TASK GOAL: What follows is a set of records. Retype them exactly, leaving out the pictures.

--------------------------------------------------

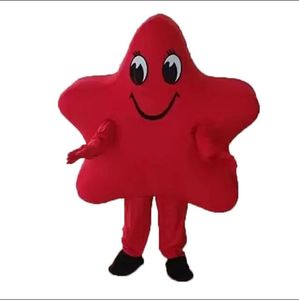 2024 Shiny Red Star Head Costume della mascotte Personaggio a tema dei cartoni animati Carnevale Unisex Halloween Carnevale Adulti Festa di compleanno Fancy Outfit per Uomo Donna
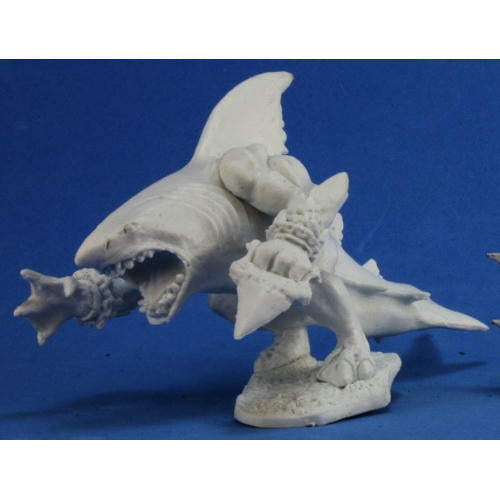 Image of Dark Heaven Bones Sharkman Karnege Gorefathom Unpainted Miniature RPR77278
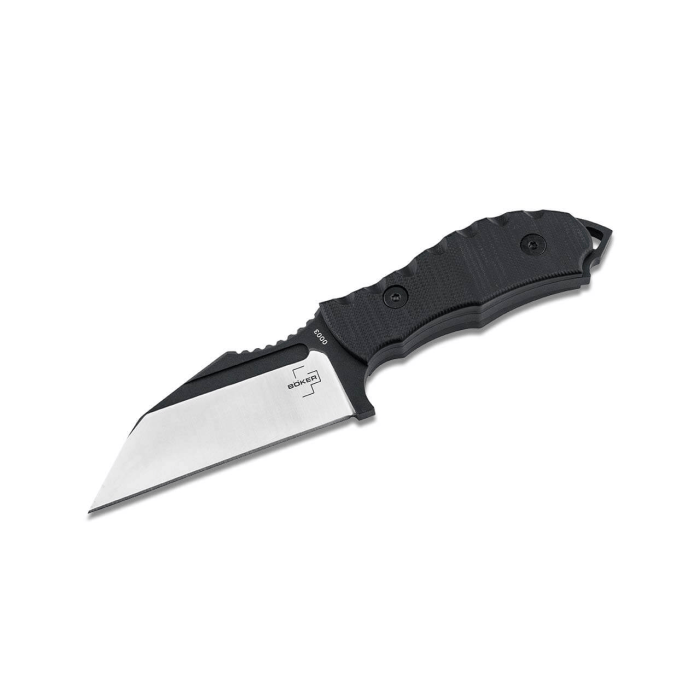 Boker Plus Andhrimnir Mini 02BO091 Fixed Blade – 3.35" D2 Wharncliffe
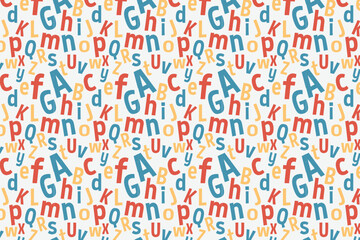 seamless pattern with letters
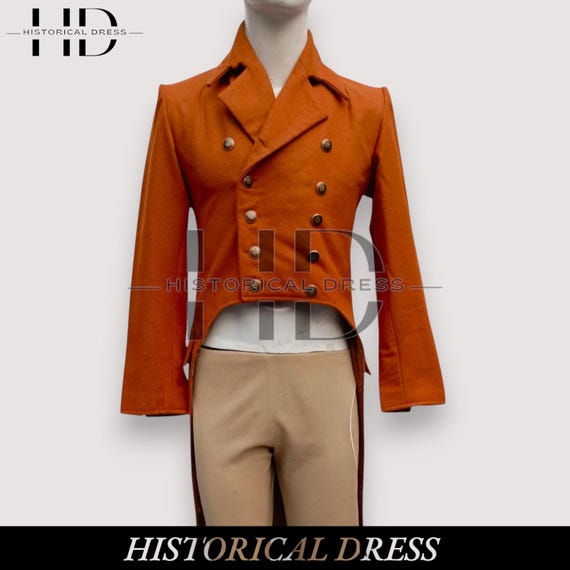 Mr. Darcy Regency Tailcoat: Brown Wool Frock Coat - Historical Menswear -  Etsy Israel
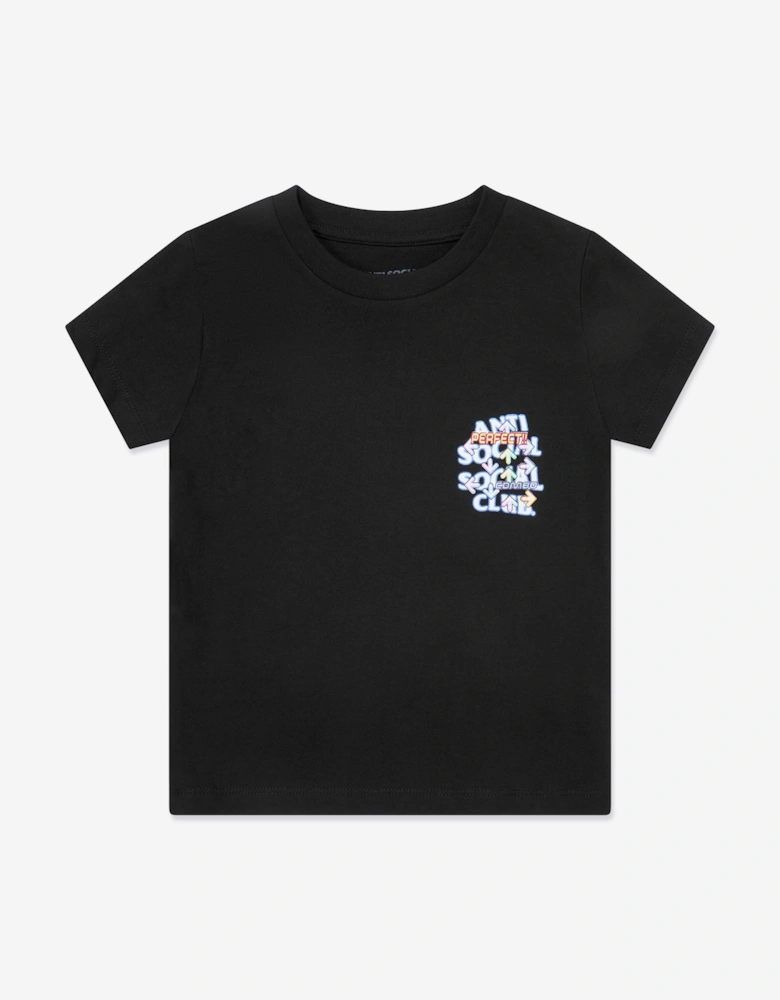 Anti Social Social Club Kids Butterfly T-Shirt in Black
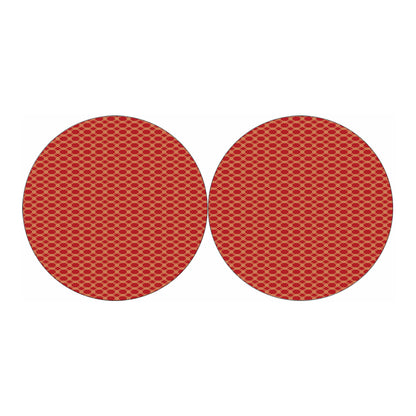 Classic Japanese Pattern Print Car Coasters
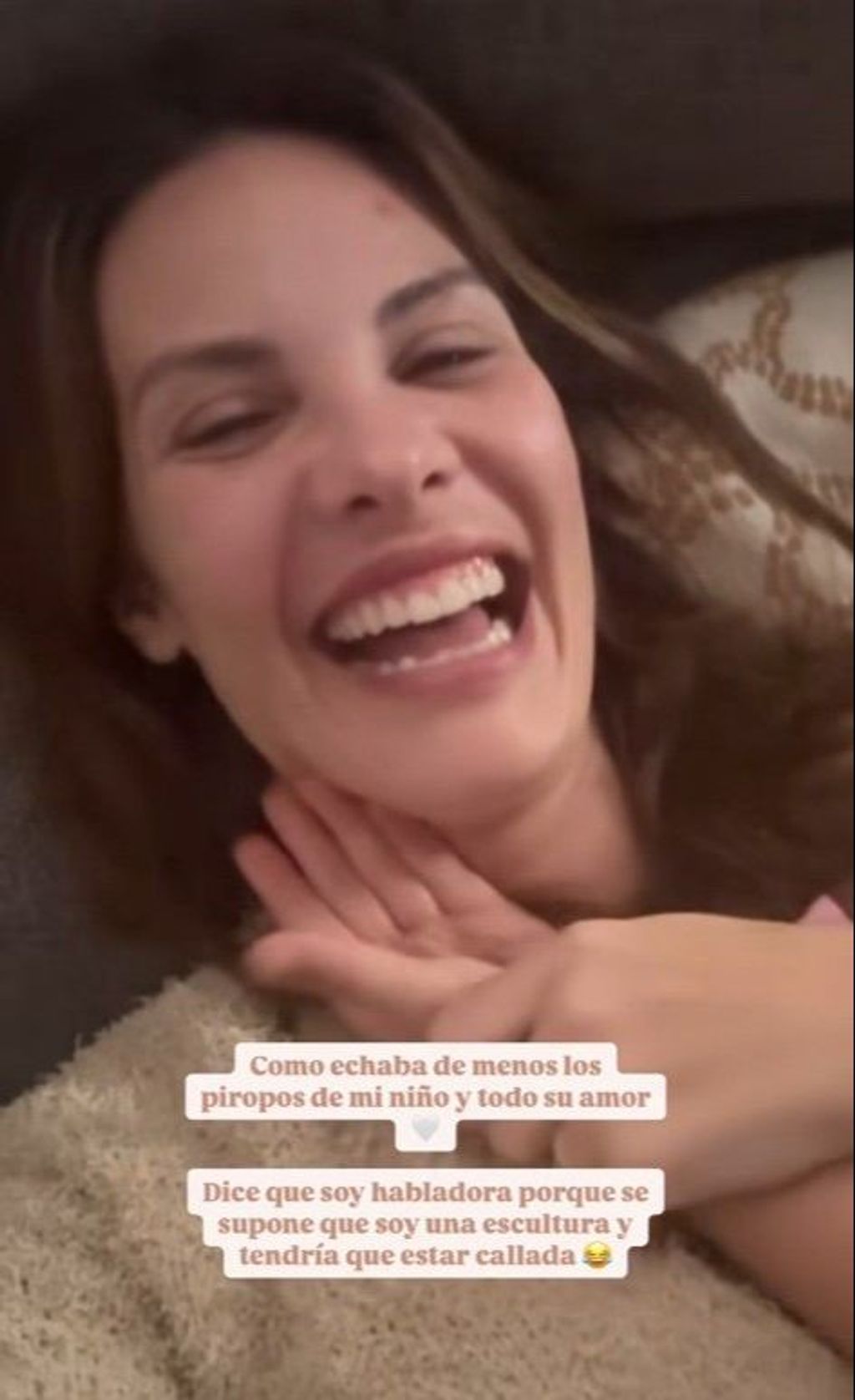 El reencuentro de Jessica Bueno con sus hijos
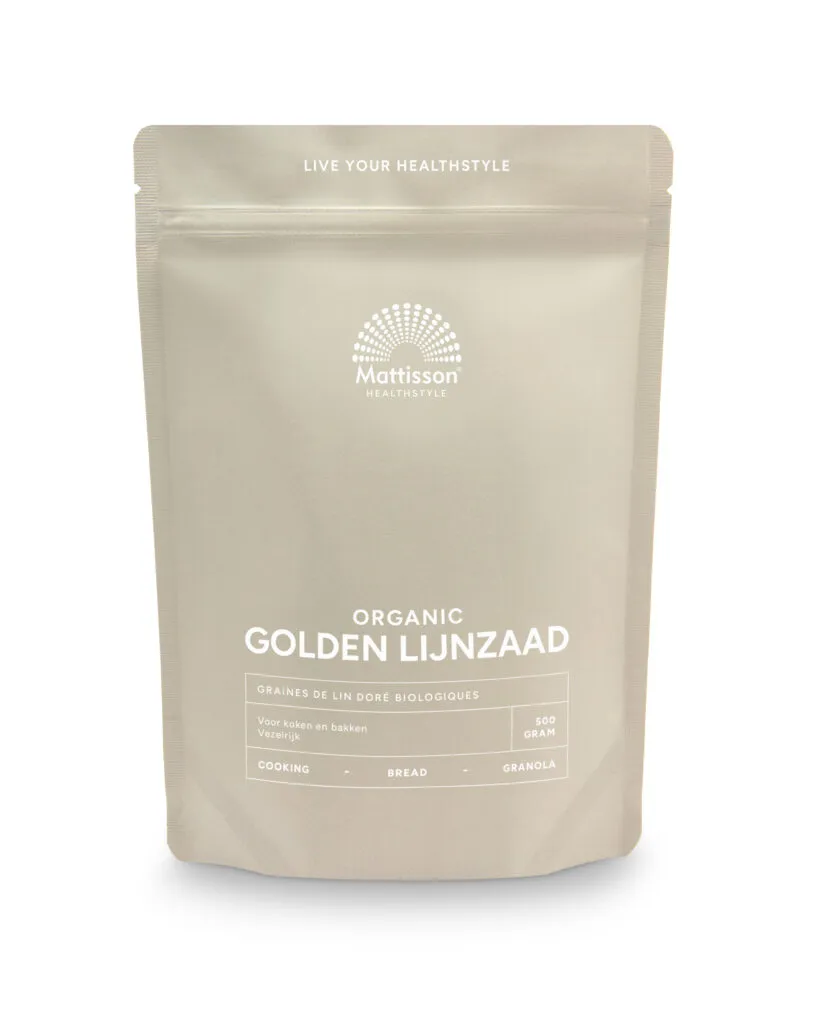 Mattisson Golden Lijnzaad Omega 3 Bio (500 gr)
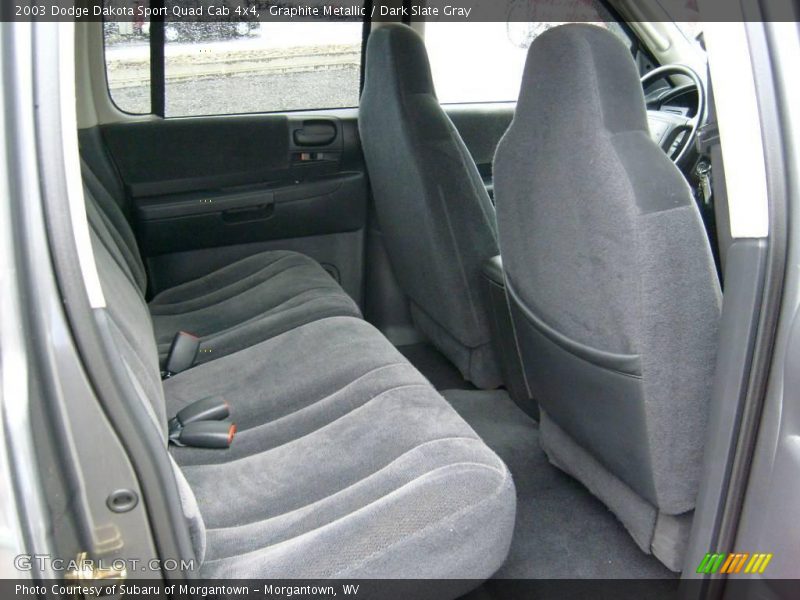 Graphite Metallic / Dark Slate Gray 2003 Dodge Dakota Sport Quad Cab 4x4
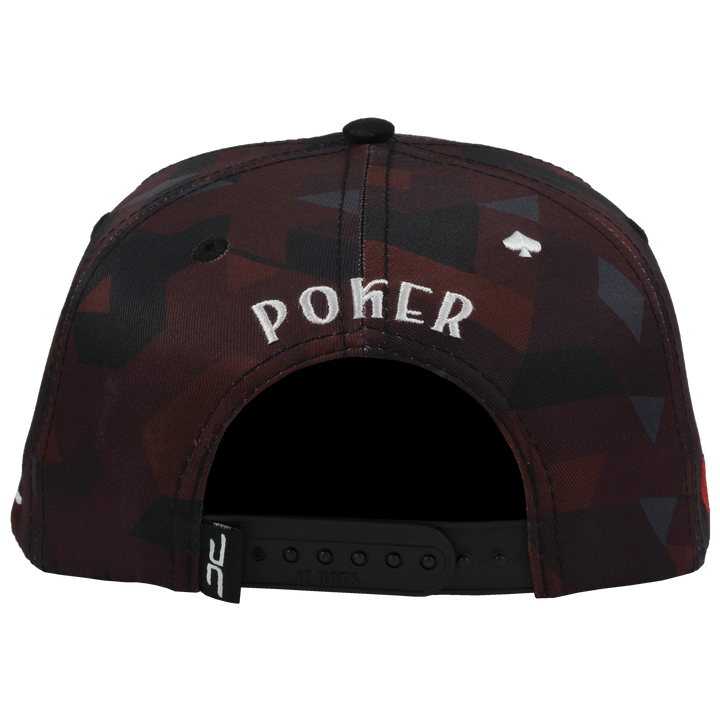 Poker Camo (Burgundy)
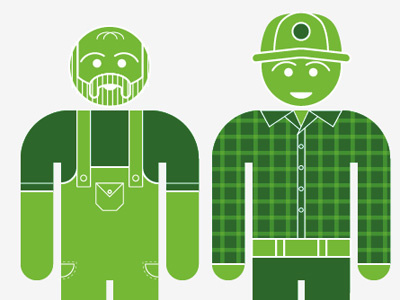 Farm Friends characters farming vector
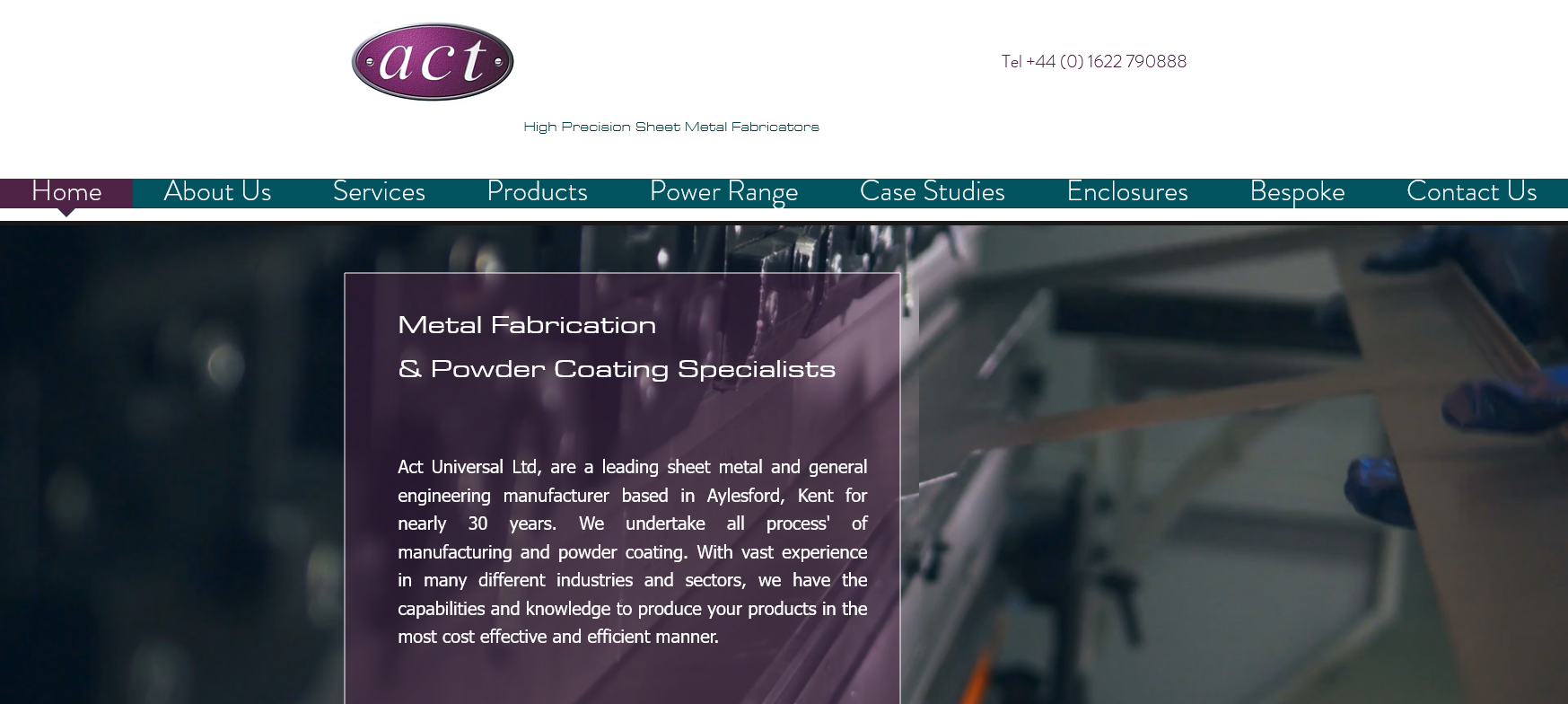 ACT Universal Ltd Website Screenshot 001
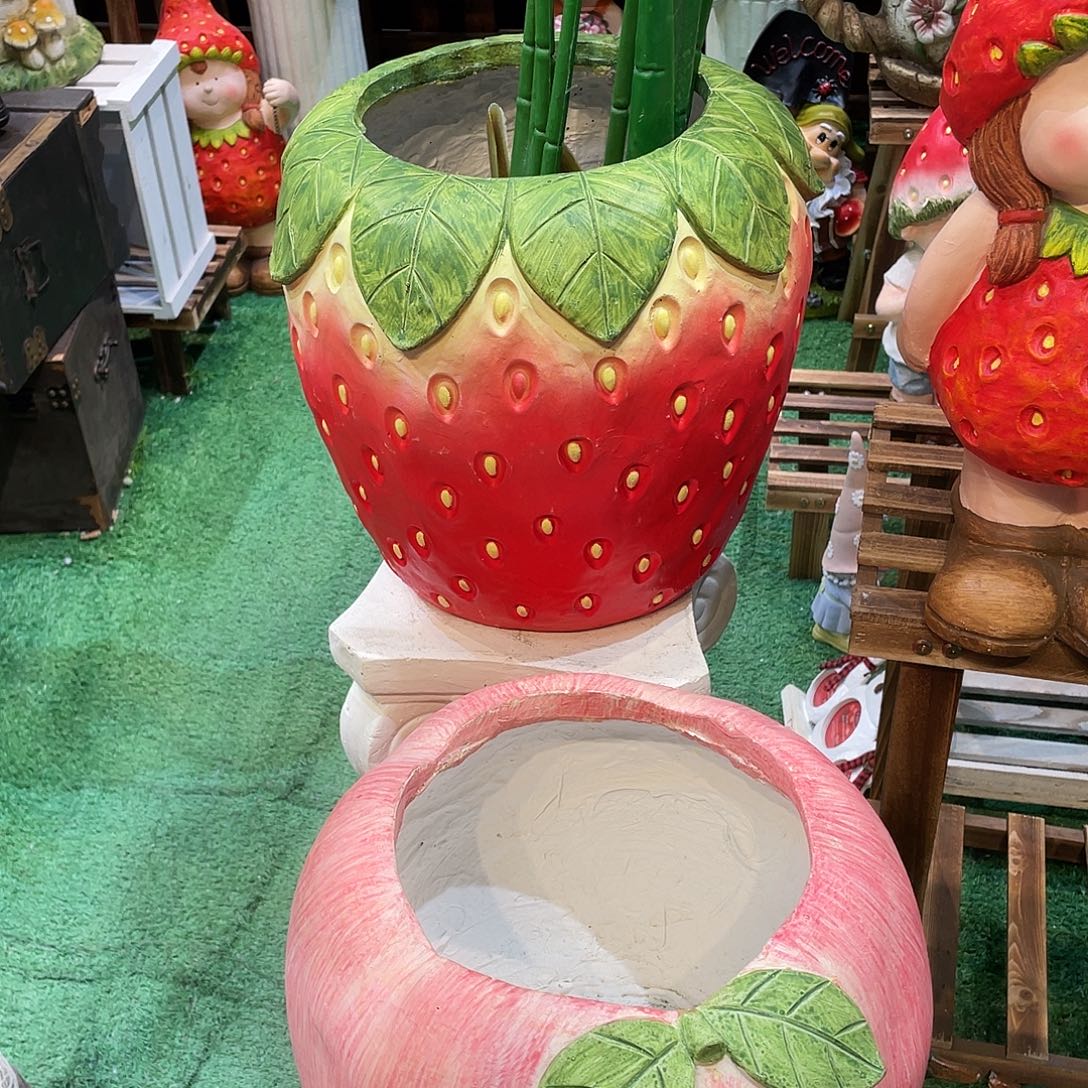 摆件花园摆件红红火火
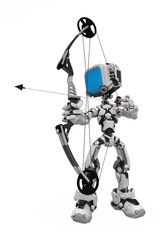 Fototapeta premium Blue Screen Robot, Archer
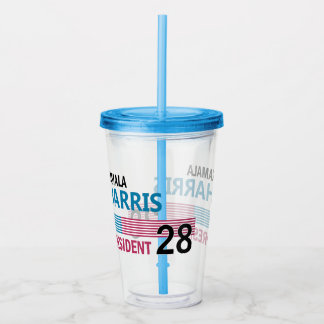 Kamala Harris 2028 Acryl Drinkbeker
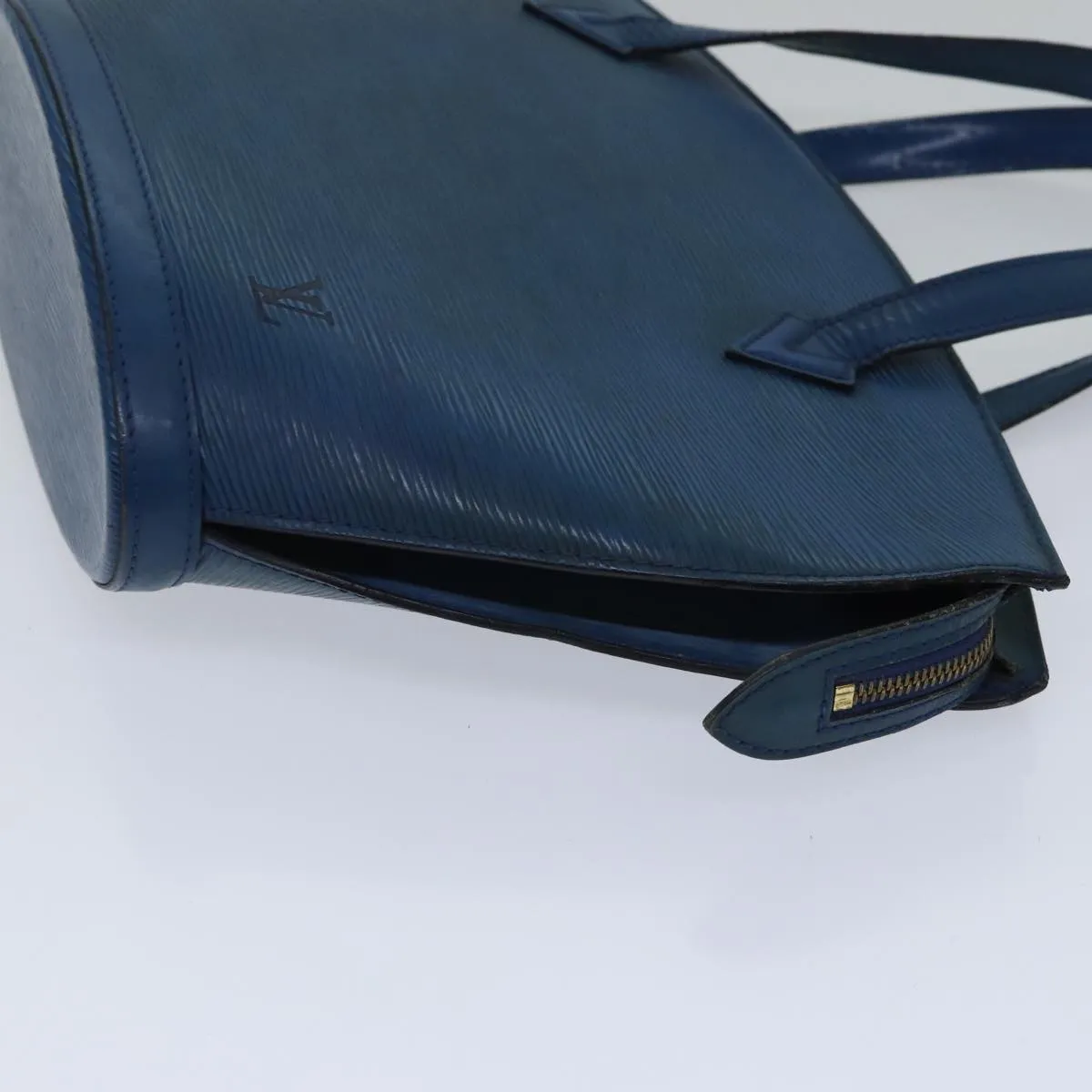 Trendy Inspired Louis Vuitton Epi Saint Jacques Shoulder Bag Blue M52275 Lv Auth 87786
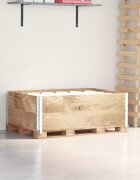 vidaXL Палетни страници 2 бр 120x80 см борова дървесина масив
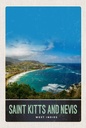 Holzschild 18x12 cm Saint Kitts and Nevis Amerika Bildmotiv Reisemotiv Abenteuer Reisen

--------------------------------------------------

REPLY:
 2024 Shiny Red Star Head Costume della mascotte Personaggio a tema dei cartoni animati Carnevale Unisex Halloween Carnevale Adulti Festa di compleanno Fancy Outfit per Uomo Donna
 Image of Dark Heaven Bones Sharkman Karnege Gorefathom Unpainted Miniature RPR77278
 Boker Plus Andhrimnir Mini 02BO091 Fixed Blade – 3.35" D2 Wharncliffe
 seamless pattern with letters
 Mr. Darcy Regency Tailcoat: Brown Wool Frock Coat - Historical Menswear -  Etsy Israel
 Anti Social Social Club Kids Butterfly T-Shirt in Black
 Classic Japanese Pattern Print Car Coasters
 El reencuentro de Jessica Bueno con sus hijos
 Mattisson Golden Lijnzaad Omega 3 Bio (500 gr)
 Graphite Metallic / Dark Slate Gray 2003 Dodge Dakota Sport Quad Cab 4x4
 Poker Camo (Burgundy)
 Farm Friends characters farming vector
 ACT Universal Ltd Website Screenshot 001
 摆件花园摆件红红火火
 Fototapeta premium Blue Screen Robot, Archer
 Kamala Harris 2028 Acryl Drinkbeker
 Trendy Inspired Louis Vuitton Epi Saint Jacques Shoulder Bag Blue M52275 Lv Auth 87786
 vidaXL Палетни страници 2 бр 120x80 см борова дървесина масив
 Holzschild 18x12 cm Saint Kitts and Nevis Amerika Bildmotiv Reisemotiv Abenteuer Reisen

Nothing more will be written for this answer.